> [Goal of the exercise] Please copy each line of the data that includes the string "Cotton".

> [Dataset records]
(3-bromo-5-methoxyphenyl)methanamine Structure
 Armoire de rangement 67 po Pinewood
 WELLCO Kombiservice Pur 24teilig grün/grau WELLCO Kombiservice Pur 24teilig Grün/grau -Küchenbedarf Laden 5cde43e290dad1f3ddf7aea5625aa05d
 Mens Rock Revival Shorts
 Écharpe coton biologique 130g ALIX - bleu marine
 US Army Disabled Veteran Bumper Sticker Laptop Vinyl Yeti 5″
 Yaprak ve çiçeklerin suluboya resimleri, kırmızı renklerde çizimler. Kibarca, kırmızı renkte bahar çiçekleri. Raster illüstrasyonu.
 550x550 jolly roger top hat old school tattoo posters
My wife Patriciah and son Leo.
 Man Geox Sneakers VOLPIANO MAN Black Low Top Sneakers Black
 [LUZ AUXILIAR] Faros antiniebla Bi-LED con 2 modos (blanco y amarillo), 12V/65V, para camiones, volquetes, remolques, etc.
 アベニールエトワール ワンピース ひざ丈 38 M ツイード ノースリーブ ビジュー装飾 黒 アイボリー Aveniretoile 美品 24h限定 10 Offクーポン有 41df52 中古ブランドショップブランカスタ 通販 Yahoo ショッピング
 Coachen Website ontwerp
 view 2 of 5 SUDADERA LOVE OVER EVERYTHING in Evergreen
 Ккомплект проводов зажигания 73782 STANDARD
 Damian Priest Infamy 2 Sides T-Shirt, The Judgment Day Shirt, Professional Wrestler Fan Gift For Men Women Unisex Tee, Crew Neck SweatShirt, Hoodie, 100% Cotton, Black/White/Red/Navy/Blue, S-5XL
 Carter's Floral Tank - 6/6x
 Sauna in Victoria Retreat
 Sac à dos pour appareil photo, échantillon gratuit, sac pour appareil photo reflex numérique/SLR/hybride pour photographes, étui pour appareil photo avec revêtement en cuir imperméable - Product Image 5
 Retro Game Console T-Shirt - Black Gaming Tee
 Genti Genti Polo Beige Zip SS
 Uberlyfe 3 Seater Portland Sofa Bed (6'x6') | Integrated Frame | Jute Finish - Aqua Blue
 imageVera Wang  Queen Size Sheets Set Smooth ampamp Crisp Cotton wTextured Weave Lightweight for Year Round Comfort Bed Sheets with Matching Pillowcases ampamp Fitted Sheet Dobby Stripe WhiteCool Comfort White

> [Solution for this exercise]
 Damian Priest Infamy 2 Sides T-Shirt, The Judgment Day Shirt, Professional Wrestler Fan Gift For Men Women Unisex Tee, Crew Neck SweatShirt, Hoodie, 100% Cotton, Black/White/Red/Navy/Blue, S-5XL
 imageVera Wang  Queen Size Sheets Set Smooth ampamp Crisp Cotton wTextured Weave Lightweight for Year Round Comfort Bed Sheets with Matching Pillowcases ampamp Fitted Sheet Dobby Stripe WhiteCool Comfort White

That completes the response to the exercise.